In the 1980s, a luminary emerged in the realm of computing, where innovation reigns supreme: Jack Dongarra. “At almost every turn, we see computational people, looking for alternative ways to solve problems and they see AI as a way. But AI is not going to solve the problem; it’s going to help them in terms of the solution to the problems,” said the 2021 ACM Turing Award recipient. He was awarded for his contributions which ensured that high-performance computational software remains in sync with the advancements in hardware technology. 

“AI has really taken off recently because of a number of reasons. One is the tremendous amount of data we have today on the internet. Resources that can be mined to help with the training process. So we have a flood of data that is available. We have processors that can do the computation at a very fast rate. So we have computing devices which can be optimised and be used very effectively in helping to train,” he said while emphasising the evolving technology. 
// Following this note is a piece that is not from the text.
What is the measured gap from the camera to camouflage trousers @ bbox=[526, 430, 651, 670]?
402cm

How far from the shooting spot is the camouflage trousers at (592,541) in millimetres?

Dongarra also highlighted the crucial role of linear algebra in AI algorithms, emphasising the importance of efficient matrix multiplies and steepest descent algorithms. “Many things have come into place that allow AI machine learning to be a very useful resource. AI has had a big impact in many areas of science like drug discovery, climate modelling and biology, drug discovery, cosmology, and high energy physics,” he further added. 

Regarding artificial general intelligence (AGI), Dongarra believes that machines should be developed to automate mundane tasks and assist in scientific simulations and modelling. However, he underscores the need for caution, as the vast amount of unfiltered information available on the web can be misleading. “2001: A Space Odyssey is a relevant movie, in the sense that it looks at AI with a computer that is maybe going a little haywire and takes over a mission and does some damage along the way. I found it fascinating when I first saw it back then and I still enjoy the story. It has many things which are relevant today,” he concluded.